Os poucos momentos de comunhão com o mundo valem esse sofrimento, pois finalmente esse mundo foi criado
para os outros como um legado, como um dom a eles destinado.
Também escrevemos para aprofundar o nosso conhecimento da vida.
Para atrair, encantar e consolar.
Escrevemos para acalentar os nossos amantes.
Para degustar em dobro a vida: no momento preciso e retrospectivamente, na sua lembrança.
Escrevemos, como Proust, para tornar as coisas eternas e para nos convencermos de que elas o são.
Para podermos transcender a nossa vida e alcançarmos o que existe além dela.

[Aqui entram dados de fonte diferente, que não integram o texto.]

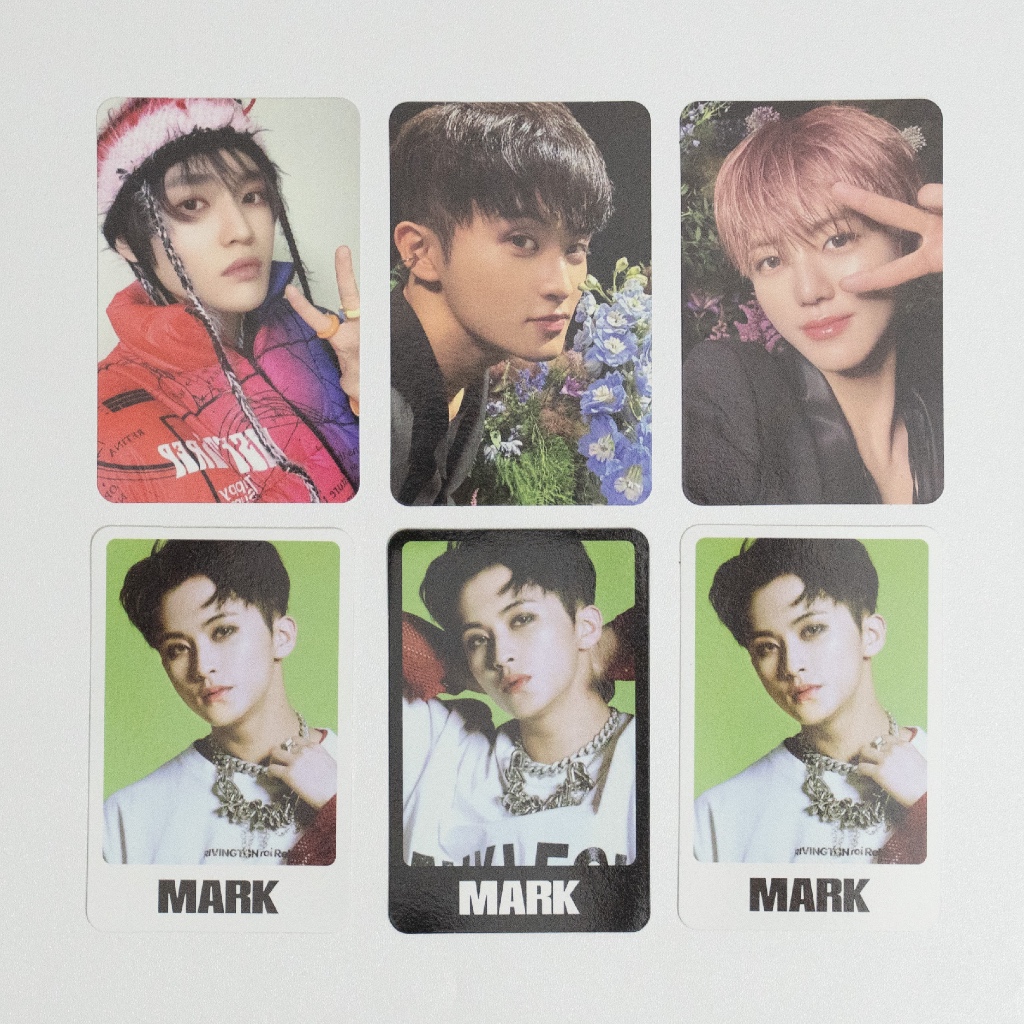 [READY] PC NCT DREAM TRADING CARD " DREAM AGIT " ISTJ OFFICIAL PHOTOCARDS JAEMIN SELCA MARK BUNGA CH
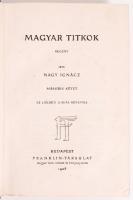 Mikszáth Kálmán: Magyar regényírók képes kiadása. Összesen 6 db: 6,23,24,42,43,50-es  számok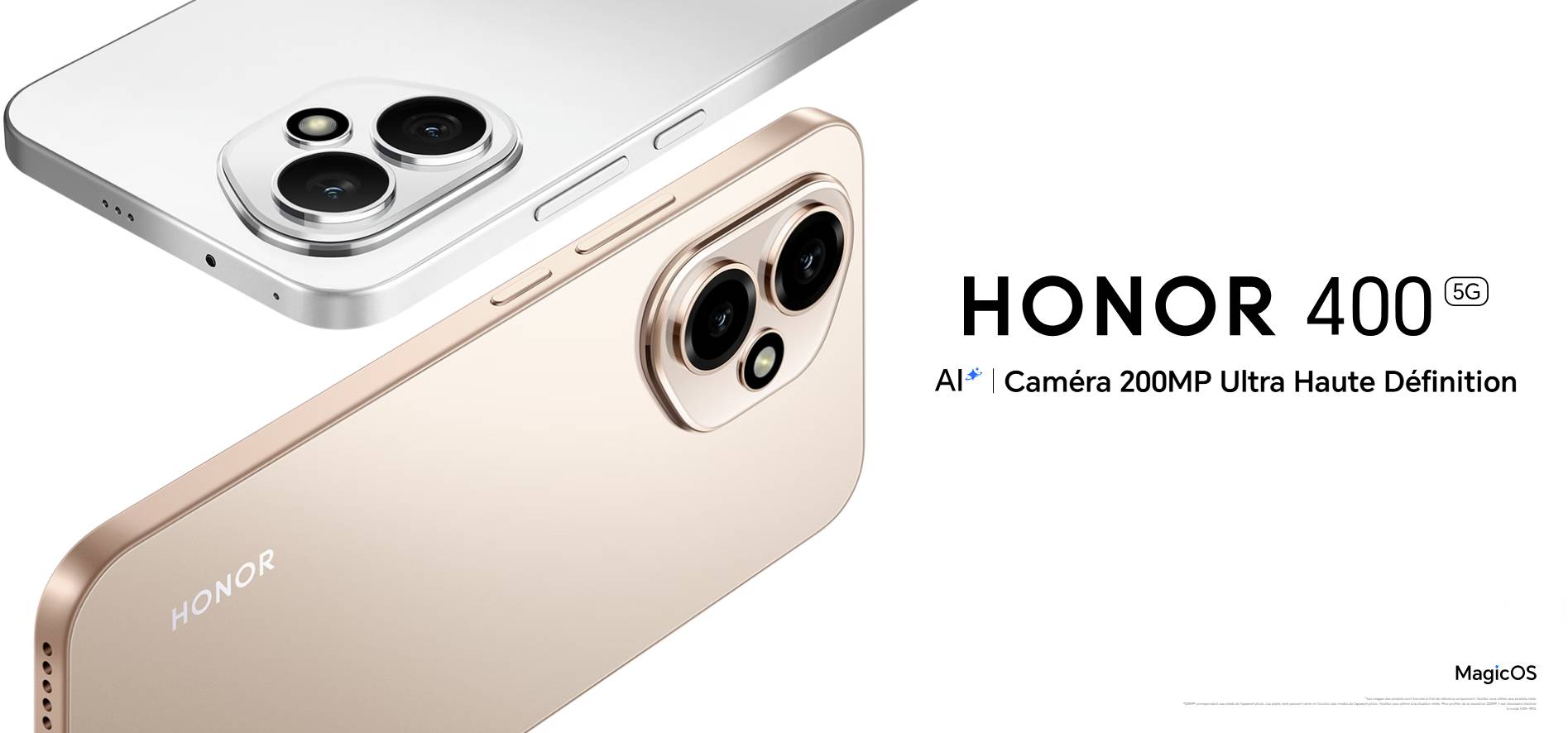 HONOR 400 5G prix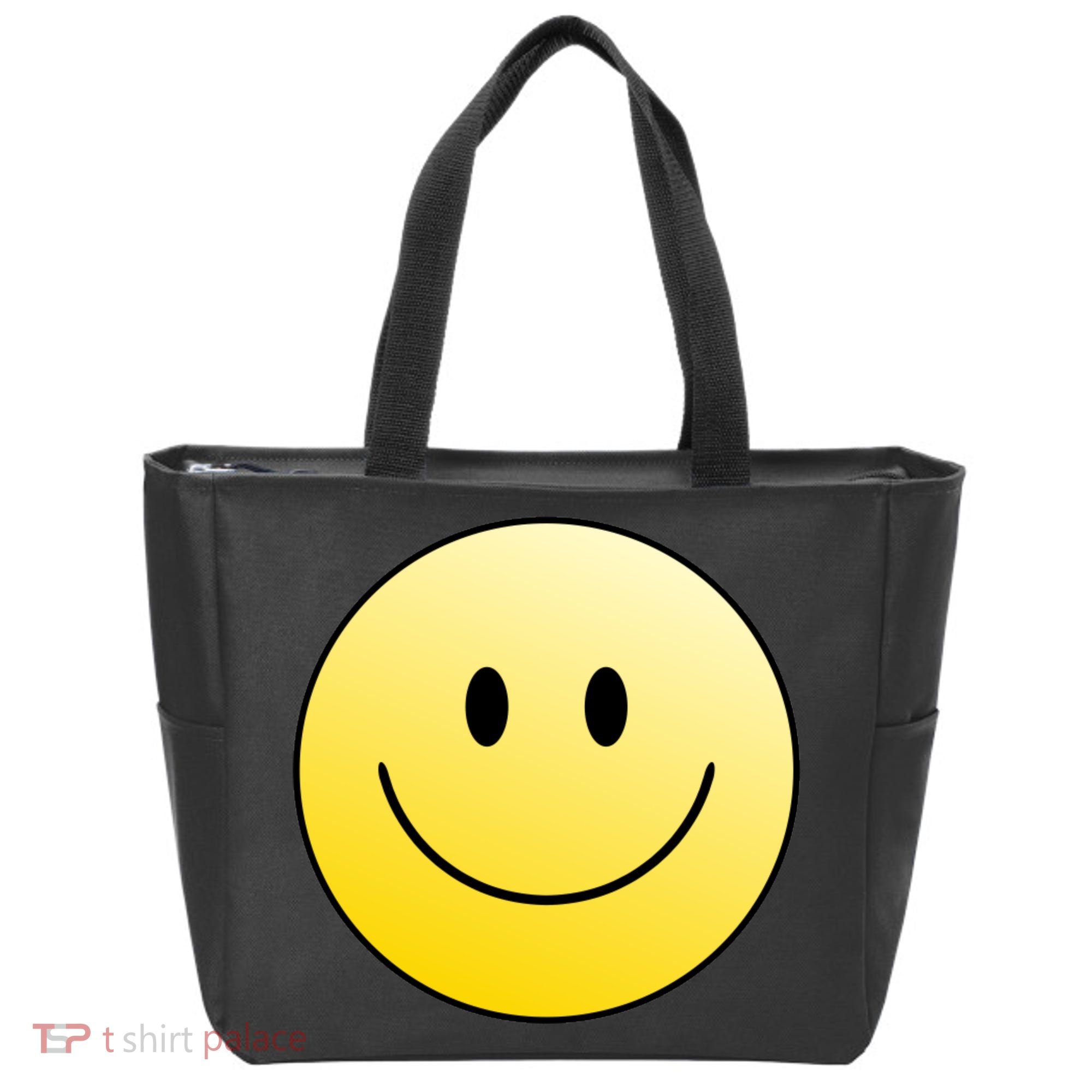 Happy Face Circle Bag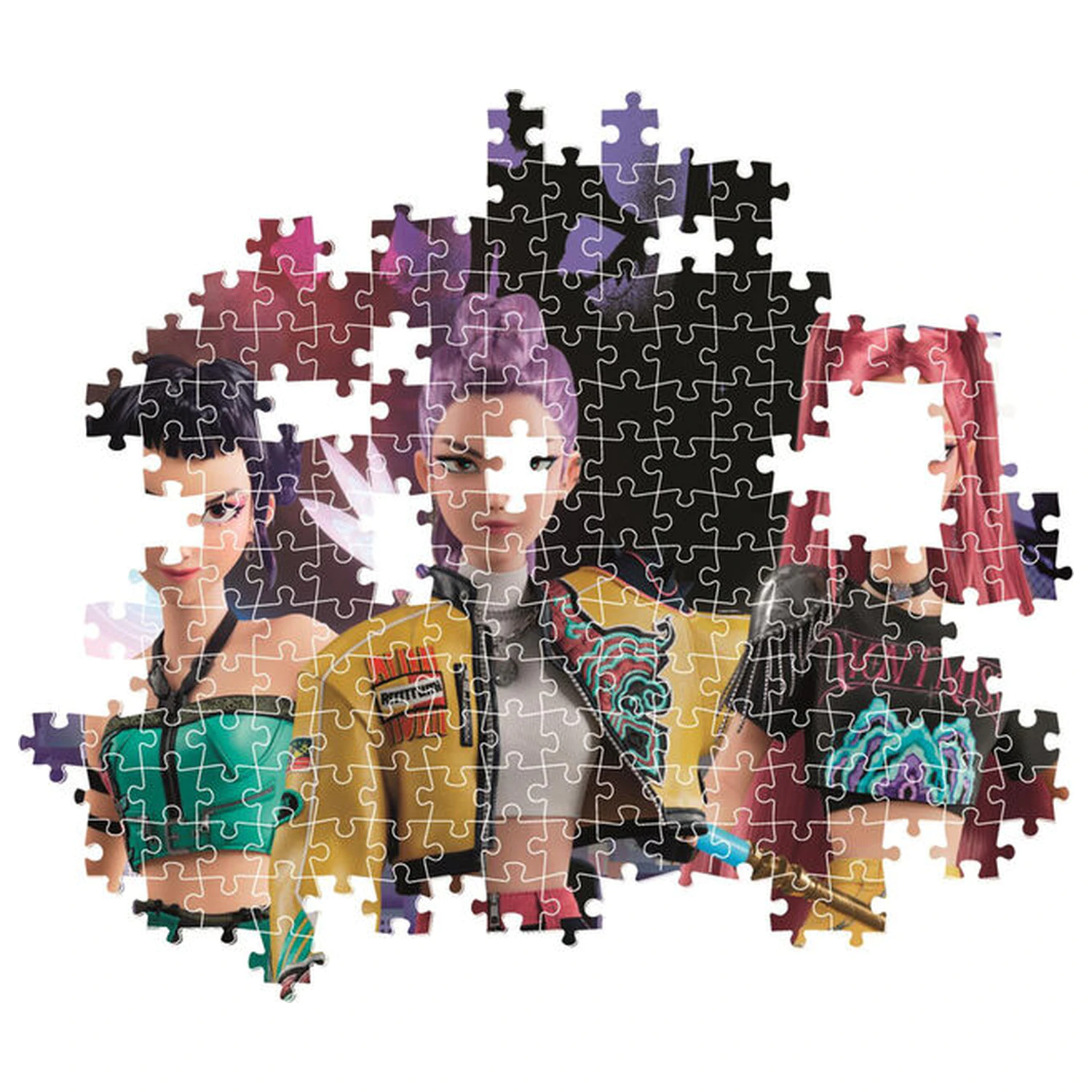 Kpop Demon Hunters 2 puzzle 104db-os termékfotó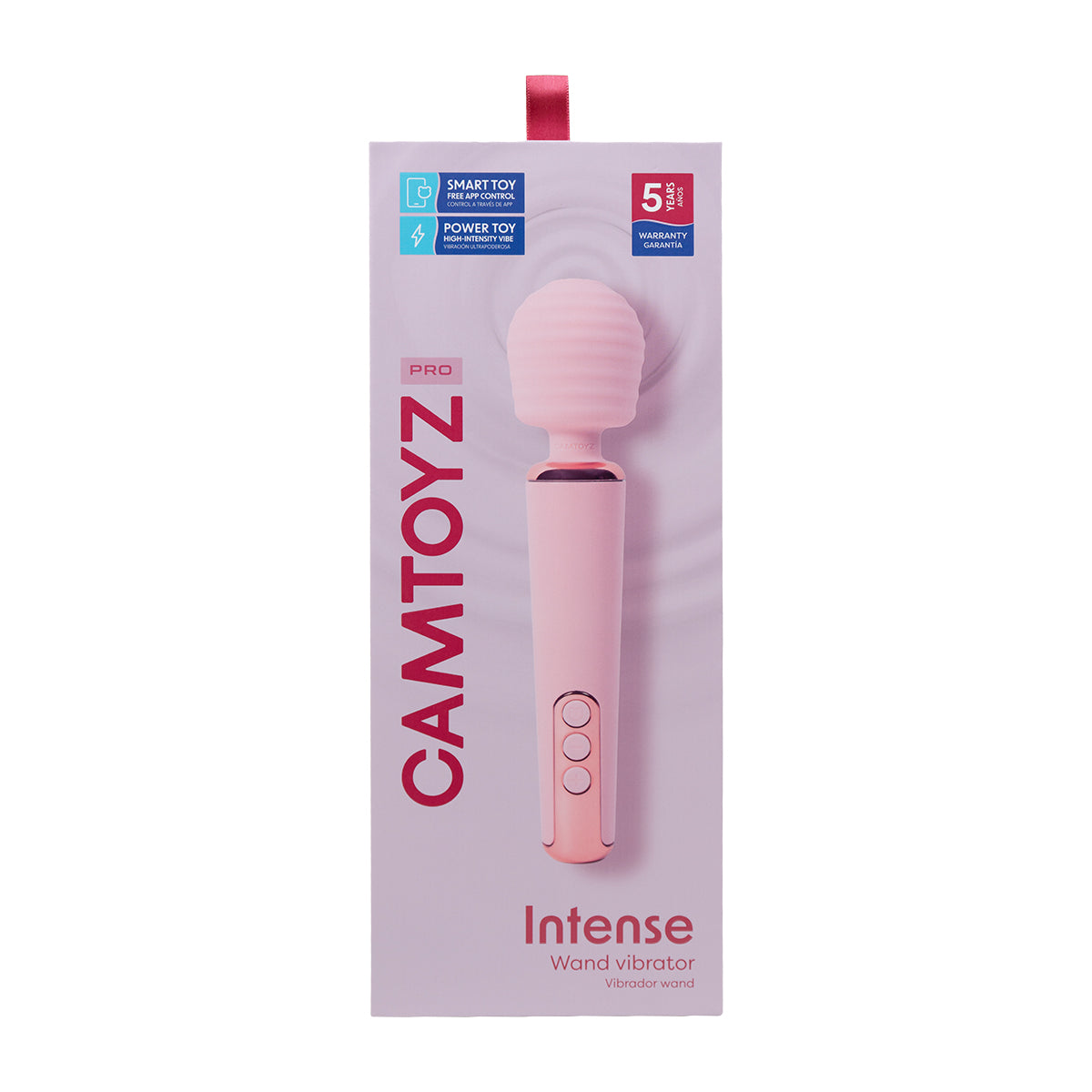 Vibrador Wand Intense con App Camtoyz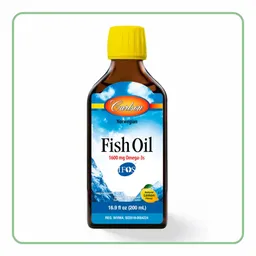 Carlson Fish Oil (1600 mg)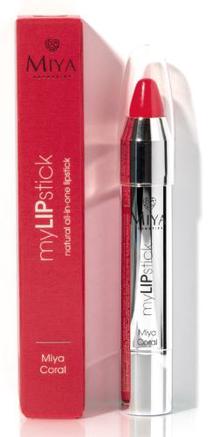 Lūpų dažai Miya myLIPstick, 2.5 g, koralinė sp., coral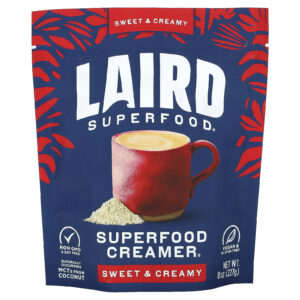 Laird Superfood Superalimento Cremoso Doce e Cremoso 227 g (8 oz)
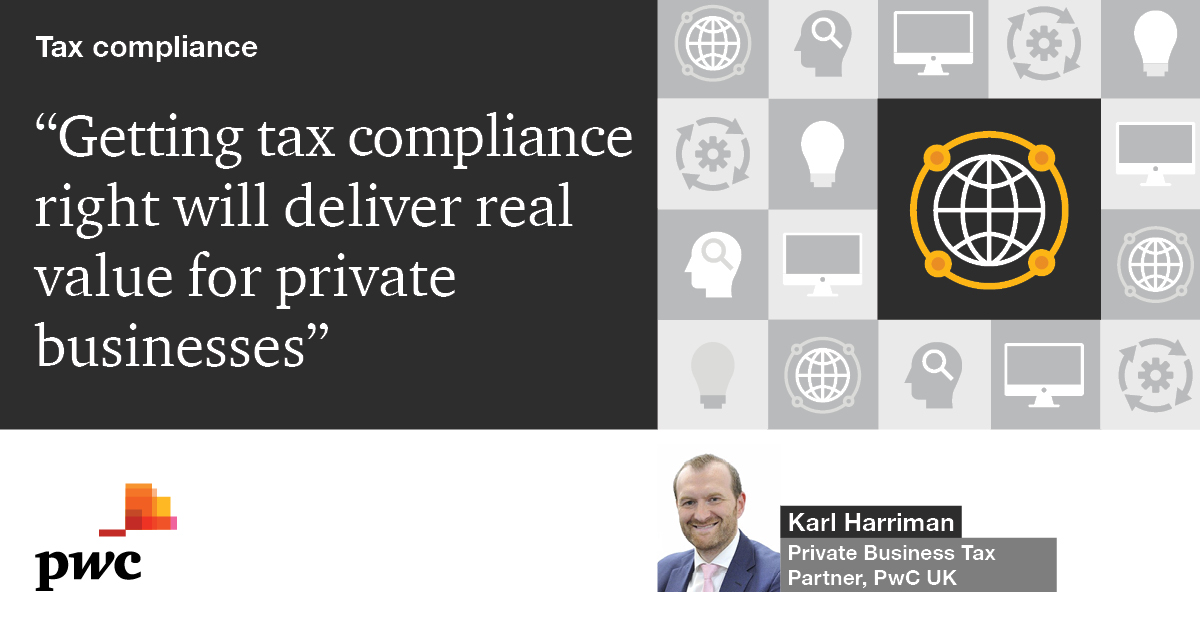 emmas_pwc's tweet image. Tax compliance automation enables business leaders to minimise the time spent on compliance activities and focus more on the things that matter most. Read @KarlHarrimanPwC’s new #blog to understand the importance of getting #tax compliance right: bit.ly/PBtaxCo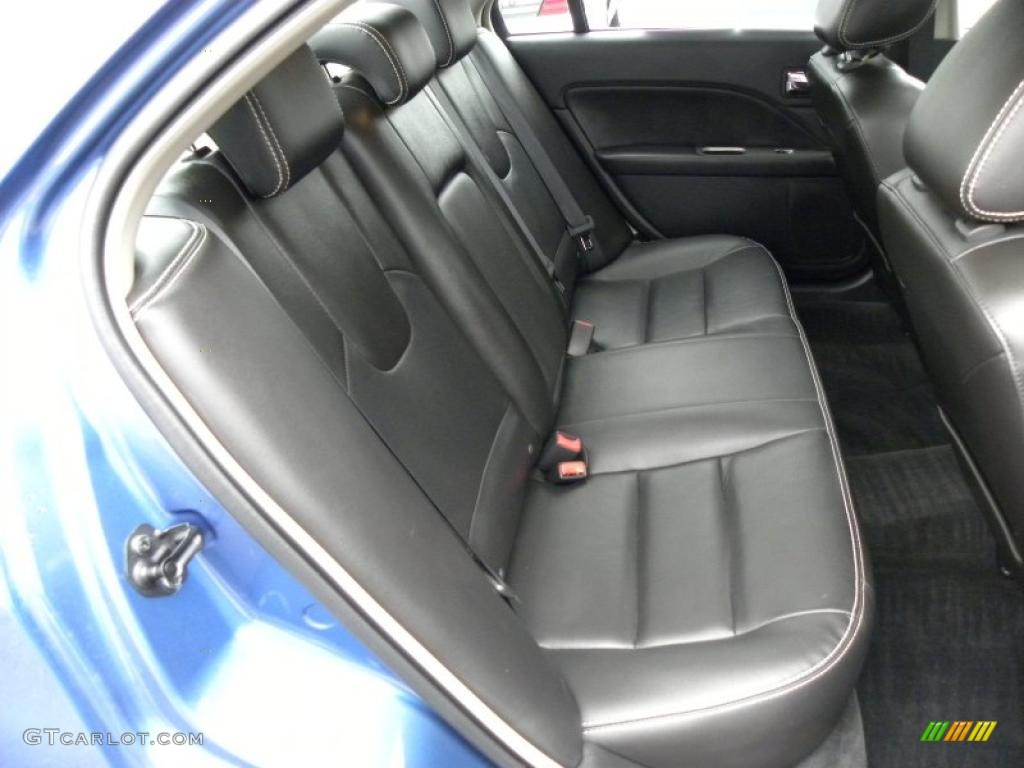 2010 Fusion SEL V6 - Sport Blue Metallic / Charcoal Black photo #11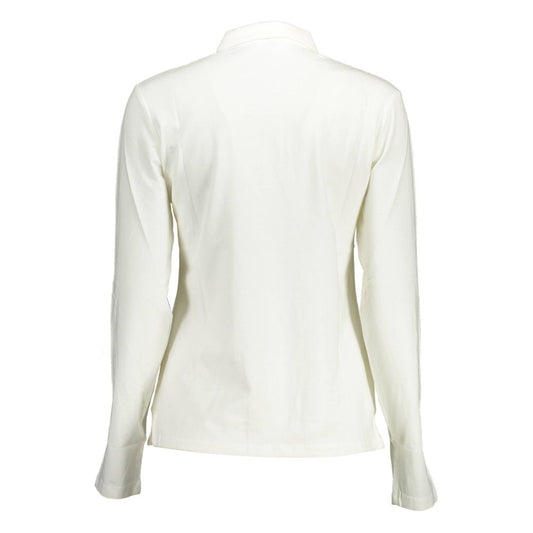 US POLO ASSN. Weißes Poloshirt aus Baumwolle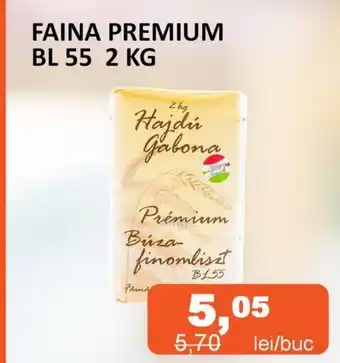 Unicarm FAINA PREMIUM BL 55 2 KG Ofertă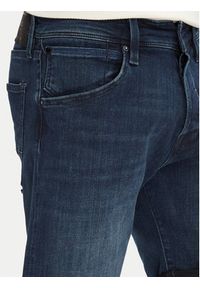Jack & Jones - Jack&Jones Szorty jeansowe Rick 12269608 Niebieski Regular Fit. Kolor: niebieski. Materiał: bawełna #3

Escrevemos para aprender a falar com os outros, para testemunhar nossa viagem ao labirinto.
Para abrir, expandir nosso mundo quando nos sentimos sufocados, oprimidos ou abandonados.
Escrevemos como os pássaros cantam, como os primitivos dançam os seus rituais.
Se não respirar quando escreve, não gritar, não cantar, então não escreva porque a sua literatura será inútil.
Quando não escrevo, o meu universo reduz-se; sinto-me numa prisão.
Perco a minha chama, as minhas cores.
Escrever deve ser uma necessidade, como o mar precisa das tempestades – é a isto que eu chamo de respirar.